Referring back to FIG. 3, the speech signal processed by the above circuit is the signal between B and C. Noise pulses, such as that shown at A will not be processed because it does not satisfy the requirement of six consecutive samples having a total power exceeding (350)H. In this manner the system acts to cancel or be immune to noise.
Next, description will be made for the case where the input signal involves continuous noise such as environmental (background) noise as shown in FIG. 4. In this case, the environmental noise is first received from the microphone 100 under the initial condition of the system. The noise level Po is detected by the CPU140 and the data to be set in the memories 150˜170, respectively, are changed depending upon this noise level Po. According to the above-assumed example, the amended data in the memory 150 is 350+(Po ×6), the amended data in the memory 160 is 50+Po, and the amended data in the memory 170 is 70+Po.
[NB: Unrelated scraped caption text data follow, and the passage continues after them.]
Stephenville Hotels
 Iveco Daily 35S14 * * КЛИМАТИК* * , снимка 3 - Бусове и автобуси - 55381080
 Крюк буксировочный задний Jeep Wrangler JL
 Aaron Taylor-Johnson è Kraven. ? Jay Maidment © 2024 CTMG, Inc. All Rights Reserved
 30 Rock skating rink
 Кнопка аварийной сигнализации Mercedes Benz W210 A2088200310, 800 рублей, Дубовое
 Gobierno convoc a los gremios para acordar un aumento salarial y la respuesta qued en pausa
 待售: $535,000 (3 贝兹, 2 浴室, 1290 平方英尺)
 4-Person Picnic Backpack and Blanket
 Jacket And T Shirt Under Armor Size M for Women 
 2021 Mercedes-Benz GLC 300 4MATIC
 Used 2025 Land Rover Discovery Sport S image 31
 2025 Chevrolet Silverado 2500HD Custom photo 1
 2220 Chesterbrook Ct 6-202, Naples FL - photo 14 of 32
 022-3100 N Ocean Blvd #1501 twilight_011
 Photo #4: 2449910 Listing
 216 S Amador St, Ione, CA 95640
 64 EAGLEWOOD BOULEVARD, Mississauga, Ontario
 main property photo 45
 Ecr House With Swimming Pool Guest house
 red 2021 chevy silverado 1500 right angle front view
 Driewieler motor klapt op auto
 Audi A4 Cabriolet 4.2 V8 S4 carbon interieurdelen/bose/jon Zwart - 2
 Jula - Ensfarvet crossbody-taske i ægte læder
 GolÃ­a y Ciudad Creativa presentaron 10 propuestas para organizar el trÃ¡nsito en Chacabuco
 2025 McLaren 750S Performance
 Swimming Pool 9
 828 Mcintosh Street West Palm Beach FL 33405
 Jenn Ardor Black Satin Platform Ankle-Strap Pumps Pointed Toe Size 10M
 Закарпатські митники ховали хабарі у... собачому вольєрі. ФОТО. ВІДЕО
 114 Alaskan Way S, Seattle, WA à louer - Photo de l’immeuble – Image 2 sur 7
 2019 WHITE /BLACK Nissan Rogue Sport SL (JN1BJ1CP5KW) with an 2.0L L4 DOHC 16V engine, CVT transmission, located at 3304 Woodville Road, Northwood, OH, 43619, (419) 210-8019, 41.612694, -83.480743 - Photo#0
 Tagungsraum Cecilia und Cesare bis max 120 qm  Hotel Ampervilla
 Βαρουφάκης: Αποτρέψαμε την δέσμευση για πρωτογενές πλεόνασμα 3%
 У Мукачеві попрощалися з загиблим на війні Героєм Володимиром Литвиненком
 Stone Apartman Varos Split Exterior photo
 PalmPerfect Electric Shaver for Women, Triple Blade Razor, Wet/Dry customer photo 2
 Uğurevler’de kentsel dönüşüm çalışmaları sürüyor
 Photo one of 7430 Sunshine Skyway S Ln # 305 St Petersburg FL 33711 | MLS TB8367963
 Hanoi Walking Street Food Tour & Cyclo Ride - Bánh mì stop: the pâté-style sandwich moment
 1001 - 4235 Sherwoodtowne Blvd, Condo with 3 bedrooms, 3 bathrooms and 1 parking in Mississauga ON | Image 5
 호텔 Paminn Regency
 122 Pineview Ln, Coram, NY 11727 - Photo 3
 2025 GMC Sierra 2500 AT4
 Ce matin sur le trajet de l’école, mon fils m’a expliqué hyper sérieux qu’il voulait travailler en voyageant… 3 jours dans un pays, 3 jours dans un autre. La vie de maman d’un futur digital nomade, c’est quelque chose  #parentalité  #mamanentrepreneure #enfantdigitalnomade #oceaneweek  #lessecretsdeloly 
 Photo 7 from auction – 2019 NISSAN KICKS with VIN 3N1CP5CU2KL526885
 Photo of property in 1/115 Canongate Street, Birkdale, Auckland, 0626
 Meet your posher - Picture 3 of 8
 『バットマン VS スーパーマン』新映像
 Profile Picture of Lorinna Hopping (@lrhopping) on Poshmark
After the data in the memories 150, 160 and 170 are amended, a speech signal of one word is input through the microphone 100, and a peak level in one frame of the input speech signal is regulated to an optimal value for A/D conversion. Here it is assumed that FO.sub.(H) and AO.sub.(H) have been set as upper and lower limit values, respectively, of the optimal range of the peak level. If a peak value Pp detected from the input speech signal is larger than FO.sub.(H), the data set in the memory 180 is increased by one. Whereas, if the detected peak value Pp is smaller than AO.sub.(H), the data set in the memory 180 is decreased by one. Furthermore, if the detected peak value is smaller than 80.sub.(H), the data set in the memory 180 is decreased by two. In this way, when the condition of FO.sub.(H) ≧Pp ≧AO.sub.(H) has been established, the regulation is completed.
By employing the above-described regulation, even if there is significant environmental noise, the recognition process is easily modified taking the noise into account. Accordingly, correct speech recognition can be executed under any environmental condition.